(Beginning of RECORDED INFORMATION)
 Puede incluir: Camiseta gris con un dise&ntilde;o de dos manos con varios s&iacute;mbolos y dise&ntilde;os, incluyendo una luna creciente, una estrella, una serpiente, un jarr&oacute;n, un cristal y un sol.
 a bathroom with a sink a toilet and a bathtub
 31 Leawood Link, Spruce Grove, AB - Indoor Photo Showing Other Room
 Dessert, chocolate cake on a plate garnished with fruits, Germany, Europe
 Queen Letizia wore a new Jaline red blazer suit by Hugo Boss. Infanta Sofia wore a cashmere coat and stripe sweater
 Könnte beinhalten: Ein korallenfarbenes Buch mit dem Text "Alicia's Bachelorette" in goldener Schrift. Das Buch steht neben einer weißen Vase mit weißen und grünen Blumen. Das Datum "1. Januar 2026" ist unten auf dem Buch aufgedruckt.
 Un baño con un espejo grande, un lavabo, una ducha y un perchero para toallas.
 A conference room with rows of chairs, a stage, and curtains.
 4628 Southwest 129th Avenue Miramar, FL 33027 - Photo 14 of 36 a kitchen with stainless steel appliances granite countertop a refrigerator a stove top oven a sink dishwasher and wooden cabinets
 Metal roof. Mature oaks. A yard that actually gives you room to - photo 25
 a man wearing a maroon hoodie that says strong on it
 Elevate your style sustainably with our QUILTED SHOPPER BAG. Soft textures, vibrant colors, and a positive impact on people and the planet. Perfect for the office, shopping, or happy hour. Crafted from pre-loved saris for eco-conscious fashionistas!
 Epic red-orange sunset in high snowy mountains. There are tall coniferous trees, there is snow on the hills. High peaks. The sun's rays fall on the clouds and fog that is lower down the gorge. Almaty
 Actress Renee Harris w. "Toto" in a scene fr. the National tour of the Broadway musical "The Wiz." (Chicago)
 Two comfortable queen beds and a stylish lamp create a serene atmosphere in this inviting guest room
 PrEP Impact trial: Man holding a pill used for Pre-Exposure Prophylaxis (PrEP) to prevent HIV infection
(End of RECORDED INFORMATION)
Would you print all of the entries exactly as they stand?

 Puede incluir: Camiseta gris con un dise&ntilde;o de dos manos con varios s&iacute;mbolos y dise&ntilde;os, incluyendo una luna creciente, una estrella, una serpiente, un jarr&oacute;n, un cristal y un sol.
 a bathroom with a sink a toilet and a bathtub
 31 Leawood Link, Spruce Grove, AB - Indoor Photo Showing Other Room
 Dessert, chocolate cake on a plate garnished with fruits, Germany, Europe
 Queen Letizia wore a new Jaline red blazer suit by Hugo Boss. Infanta Sofia wore a cashmere coat and stripe sweater
 Könnte beinhalten: Ein korallenfarbenes Buch mit dem Text "Alicia's Bachelorette" in goldener Schrift. Das Buch steht neben einer weißen Vase mit weißen und grünen Blumen. Das Datum "1. Januar 2026" ist unten auf dem Buch aufgedruckt.
 Un baño con un espejo grande, un lavabo, una ducha y un perchero para toallas.
 A conference room with rows of chairs, a stage, and curtains.
 4628 Southwest 129th Avenue Miramar, FL 33027 - Photo 14 of 36 a kitchen with stainless steel appliances granite countertop a refrigerator a stove top oven a sink dishwasher and wooden cabinets
 Metal roof. Mature oaks. A yard that actually gives you room to - photo 25
 a man wearing a maroon hoodie that says strong on it
 Elevate your style sustainably with our QUILTED SHOPPER BAG. Soft textures, vibrant colors, and a positive impact on people and the planet. Perfect for the office, shopping, or happy hour. Crafted from pre-loved saris for eco-conscious fashionistas!
 Epic red-orange sunset in high snowy mountains. There are tall coniferous trees, there is snow on the hills. High peaks. The sun's rays fall on the clouds and fog that is lower down the gorge. Almaty
 Actress Renee Harris w. "Toto" in a scene fr. the National tour of the Broadway musical "The Wiz." (Chicago)
 Two comfortable queen beds and a stylish lamp create a serene atmosphere in this inviting guest room
 PrEP Impact trial: Man holding a pill used for Pre-Exposure Prophylaxis (PrEP) to prevent HIV infection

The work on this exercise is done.